Aspiración a la verdad
Quisiéramos hacer eco en nuestra diócesis a este mensaje tan
oportuno de nuestro Padre Santo el Papa y atraer vuestra atención, estimados
diocesanos, sobre la necesidad de huir de los errores y de las fuentes de error
para aferrarse con toda el alma a la verdad, tal como se nos trasmite por la
Iglesia. Muchos motivos deben suscitar en nuestra alma la sed de la verdad:
nuestras almas están hechas para la verdad; nuestras inteligencias -reflejos
del Espíritu divino- nos han sido dadas con vistas a conocer la verdad, a
darnos la luz que nos indicará el fin hacia el cual debe orientarse toda
nuestra vida. El Apóstol que expresó estas realidades con una profundidad de
pensamiento y una elocuencia emocionante, es el Apóstol San Juan. Su Evangelio,
sus cartas, imprimen en nuestras almas un deseo ardiente de acercarse a esta
luz “que ilumina a todo hombre que viene a este mundo” (Jn. I, 9), como
Nicodemo, como la samaritana y muchos otros después de ellos. Es él también
quien nos narra el episodio del ciego de nacimiento y el comentario de Nuestro
Señor sobre los ciegos.
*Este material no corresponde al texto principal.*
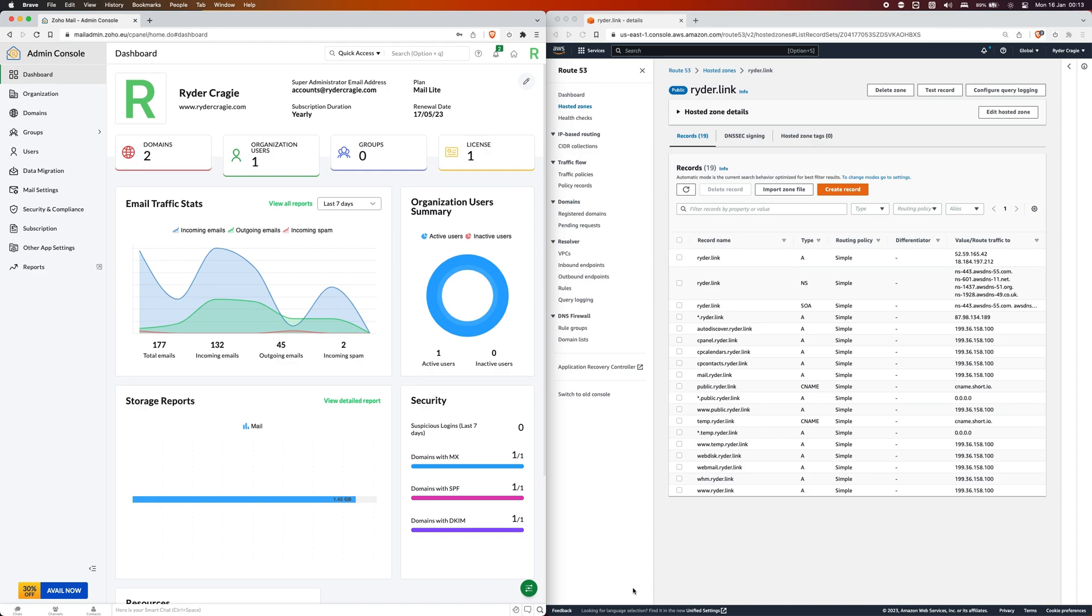In today's video I'm going to show you how to set up Zoho Mail with your own domain to receive and send email. The first thing you need to do is go to accounts.zoho.com and create an account there. Then you can go to mailadmin.zoho.com and you'll be taken to the page on the left.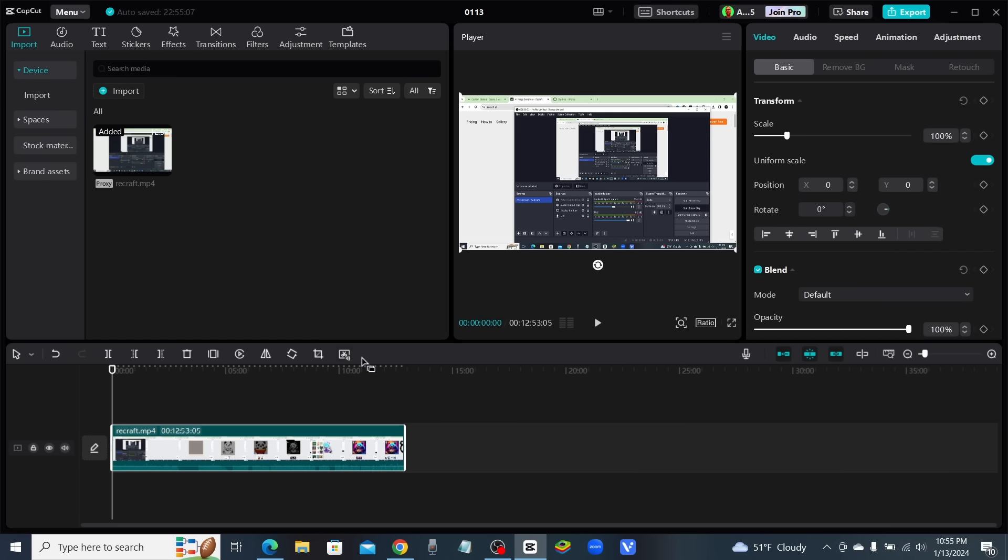If you look right here, you'll see the length of this video is 12 minutes and 53 seconds, and that's because I haven't edited it at all. All the pauses, all the mistakes—everything is still in this video.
Nuestro Señor, que alababa a aquellos que venían a Él
como ciegos, censuraba a los escribas y a los fariseos que, siendo ciegos,
pretendían ver la luz, tener la verdad. Son imagen de aquellos que vienen hacia la Iglesia -maestra de la
verdad- con la pretensión de imponerle sus ideas, sus propias concepciones, en
lugar de venir a ella con una inteligencia siempre sedienta de verdad y
dispuesta a recibirla y hacerla fructificar. Bienaventurados aquellos que abrevan en las
verdaderas fuentes de la luz y que evitan las que son dudosas y desaconsejadas
por la Iglesia. ¿Por qué este deseo tan
profundo de las almas hacia la verdad? Es que la verdad, como lo reafirma
nuestro Padre Santo el Papa, es la realidad: la inteligencia que está en lo
verdadero comulga
con la realidad del ser divino o del ser creado.
El error
Aquel que se forja su propia verdad, vive en la ilusión, en un
mundo imaginario; crea en su espíritu una película de pensamientos que no tiene
más que las apariencias de la realidad. Vivir en lo irreal y, sobre todo,
esforzarse en poner en práctica concepciones creadas en su totalidad por un
espíritu imaginativo es, ¡desgraciadamente!, la fuente de todos los males de la
humanidad. La corrupción de los pensamientos es mucho peor que la de las
costumbres... el escándalo de las costumbres es más limitado que el escándalo
de los errores. Ellos se difunden más rápidamente y corrompen pueblos enteros.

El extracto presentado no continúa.